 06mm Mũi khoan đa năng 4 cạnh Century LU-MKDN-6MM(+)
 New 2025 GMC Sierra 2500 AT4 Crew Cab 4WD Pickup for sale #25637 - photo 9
* * *
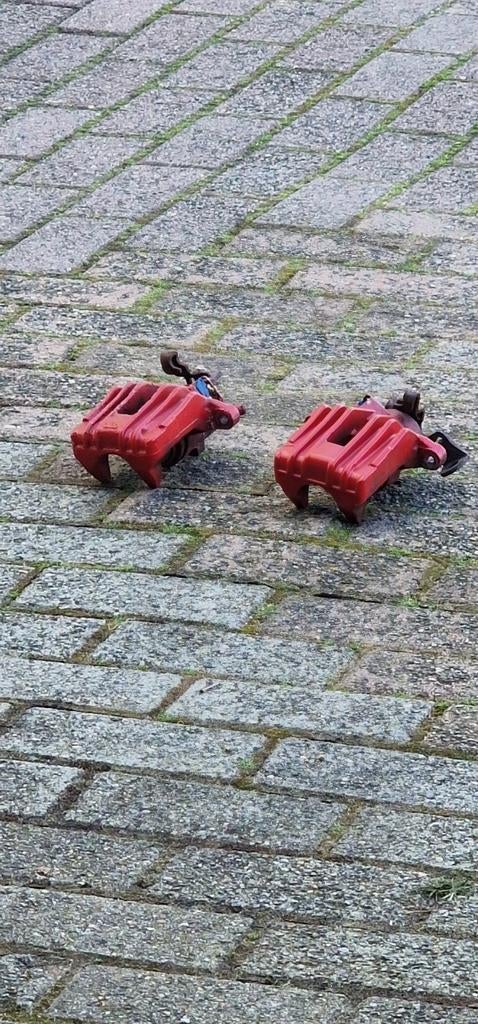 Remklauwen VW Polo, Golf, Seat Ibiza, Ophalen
--
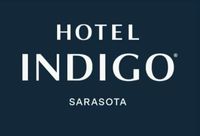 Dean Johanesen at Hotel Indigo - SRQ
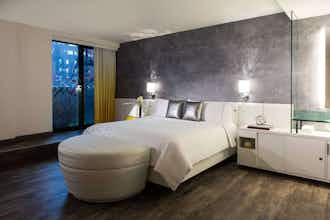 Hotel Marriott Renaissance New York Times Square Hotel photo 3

Task requirements:
Please give back exactly the lines of this listing beginning at the line with "06mm Mũi khoan" and ending with the line with "New 2025 GMC", both included, and nothing else.

Exercise result:
 06mm Mũi khoan đa năng 4 cạnh Century LU-MKDN-6MM(+)
 New 2025 GMC Sierra 2500 AT4 Crew Cab 4WD Pickup for sale #25637 - photo 9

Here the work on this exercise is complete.